For each month of the quarter, Horvitz-Thompson estimates are obtained by summing weighted e-commerce sales (either reported or imputed). Benchmarked monthly estimates are computed by multiplying each Horvitz-Thompson estimate by the carry-forward factor calculated during the most recent benchmarking. For more information on the benchmark process, click here. For companies with separate store and e-commerce components, the e-commerce components are tabbed in MRTS under NAICS 4541. To get the sales and e-commerce estimates in the experimental quarterly e-commerce table, first subtotal Horvitz-Thompson estimates are obtained by summing weighted sales and e-commerce sales within 4541 by the primary kind-of-business of the company. To ensure the overall total retail estimates are consistent with MRTS, these kind-of-business subtotals are raked to the benchmarked monthly estimate for NAICS 4541 from MRTS. This is done by calculating the proportion of each kind of business to the Horvitz-Thompson estimate of NAICS 4541, then applying each of these proportions to the benchmarked monthly estimate for NAICS 4541 to get the corresponding benchmarked monthly estimate for that kind of business subtotal. Finally, these kind-of-business nonstore subtotals are added to the MRTS estimate for that kind of business to get a total store and nonstore estimate. Estimates for the quarter are obtained by summing the monthly benchmarked estimates.The estimate for the most recent quarter is a preliminary estimate. Therefore, the estimate is subject to revision. Data users who create their own estimates using data from this report should cite the Census Bureau as the source of the input data only.

Adjusted Estimates

This report publishes estimates that have been adjusted for seasonal variation and holiday and trading-day differences, but not for price changes. We use quarterly e-commerce sales estimates for 4th quarter 1999 to the current quarter as input to the X-13ARIMA-SEATS program, using the X-11 filter-based adjustment procedure, to derive the adjusted quarterly e-commerce estimates. We derive quarterly adjusted sales estimates by summing the adjusted monthly sales estimates for each respective quarter from the Monthly Retail Trade Survey.

Reliability of Estimates

Because the estimates in this report are based on a sample survey, they may contain sampling error and nonsampling error.

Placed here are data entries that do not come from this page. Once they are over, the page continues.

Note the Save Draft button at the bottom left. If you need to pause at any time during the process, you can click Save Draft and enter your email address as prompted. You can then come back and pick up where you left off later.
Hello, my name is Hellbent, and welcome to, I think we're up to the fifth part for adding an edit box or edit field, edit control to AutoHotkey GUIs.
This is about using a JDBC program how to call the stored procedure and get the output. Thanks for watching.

Sampling error is the difference between the estimate and the result that would be obtained from a complete enumeration of the population conducted under the same survey conditions. This error occurs because only a subset of the entire population is measured in a sample survey. Standard errors and coefficients of variation, as given in Table 2 of the report, are estimated measures of sampling variation.

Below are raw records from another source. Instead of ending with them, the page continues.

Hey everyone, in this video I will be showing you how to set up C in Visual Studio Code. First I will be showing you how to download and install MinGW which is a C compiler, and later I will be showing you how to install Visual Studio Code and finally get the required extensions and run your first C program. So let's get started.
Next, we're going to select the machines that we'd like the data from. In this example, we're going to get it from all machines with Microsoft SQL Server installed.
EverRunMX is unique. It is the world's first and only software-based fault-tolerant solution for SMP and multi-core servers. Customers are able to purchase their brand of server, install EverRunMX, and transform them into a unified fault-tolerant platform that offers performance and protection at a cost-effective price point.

The margin of error gives a range about the estimate which is a 90 percent confidence interval. If, for example, the estimated percent change is -11.4% and its estimated standard error is 1.2%, then the margin of error is 1.753 x 1.2% or 2.1%, and the 90 percent confidence interval is -13.5% to -9.3%. Confidence intervals are computed based on the particular sample selected and canvassed. If one repeats the process of drawing all possible samples and forming all corresponding confidence intervals, approximately 90 percent of these individual confidence intervals would contain the estimate computed from a complete enumeration of all units on the sampling frame. If the confidence interval contains 0%, then one does not have sufficient evidence to conclude that at the 90 percent confidence level that the estimated change is different from zero.

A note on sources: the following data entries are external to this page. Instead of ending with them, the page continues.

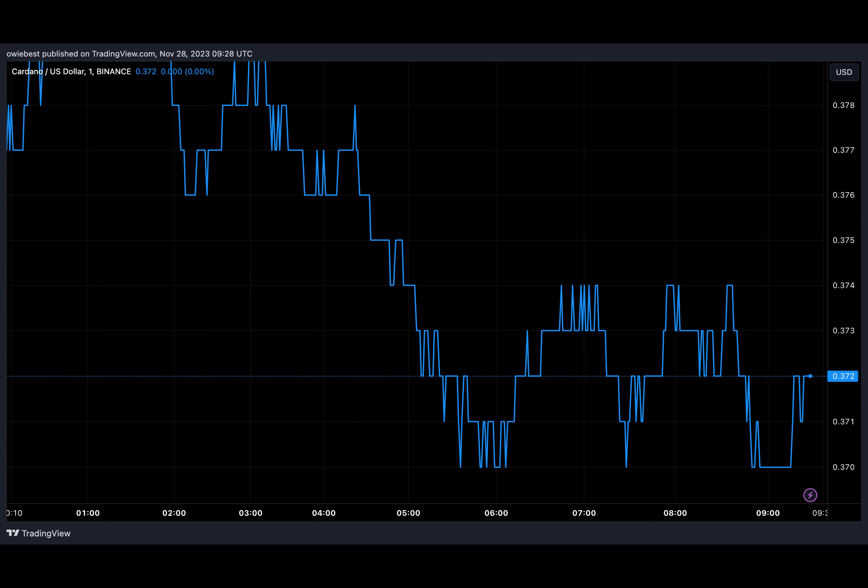However, you must pay attention to a four hour candlestick close above the 39.6 cent resistance or below the 100 EMA to confirm the direction of ADA's trend, Ali said in closing.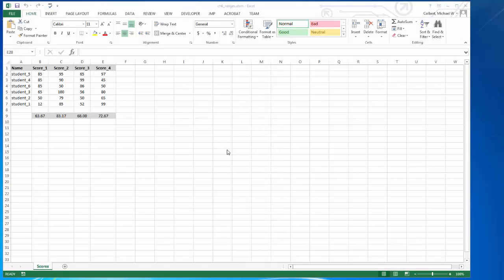So far all of our work has been on a single worksheet. If we want to work with multiple worksheets, we can do that pretty easily.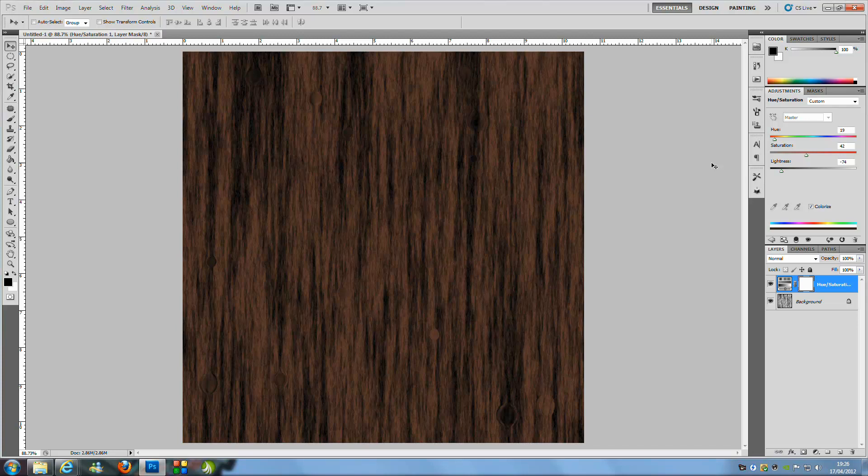Hey everyone and welcome to Photoshop Pro Help. Today I'm going to be teaching you how to make a wood finish — something sort of like what's on screen. It's really easy and simple to make and it only takes a few steps.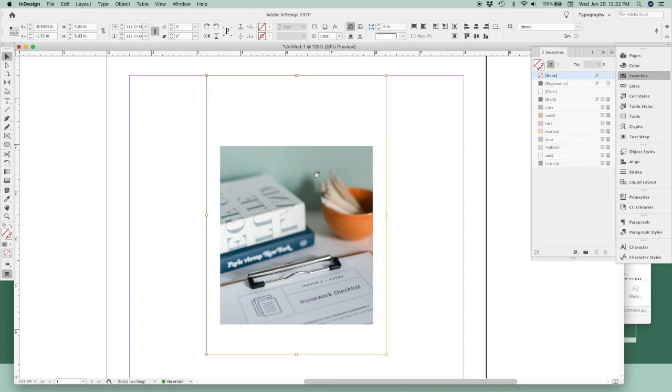But if I double click, it selects the photo inside the frame, which you can see has this dark orange outline, and it's being cut off because the frame is smaller.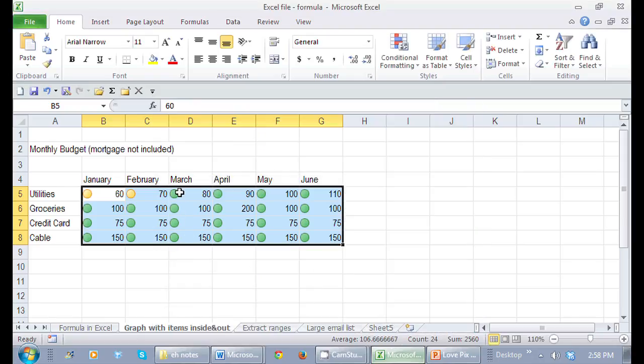Notice quite a bit is over 70, quite a bit is 60 and under. Nice, right? That's how you apply icon sets in Microsoft Excel. Great new feature. This is Crystal, see you soon!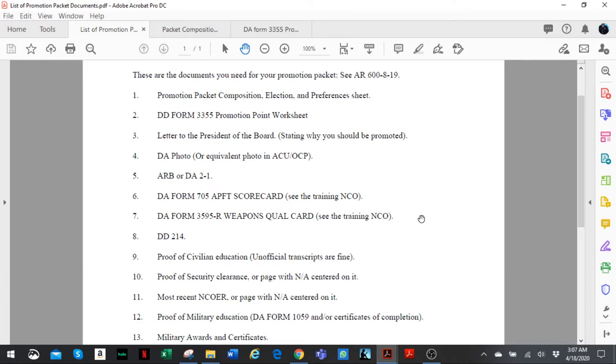Hey guys, Sergeant Okuma here. Today we're going to be talking about putting together your promotion packet for the junior NCO promotion board in the Army Reserve. I'm just going to focus on the junior NCO promotion in this video, in this set of videos, which is promotion to sergeant and staff sergeant.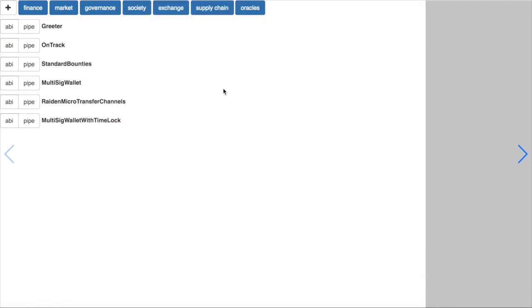We can choose some contracts that we are planning to pipe and then add them to our in-work tree.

Nonsampling error encompasses all other factors that contribute to the total error of a sample survey estimate. This type of error can occur because of nonresponse, insufficient coverage of the universe of retail businesses with e-commerce sales, mistakes in the recording and coding of data, and other errors of collection, response, coverage, or processing. Although not directly measured, precautionary steps are taken to minimize the effects of nonsampling error.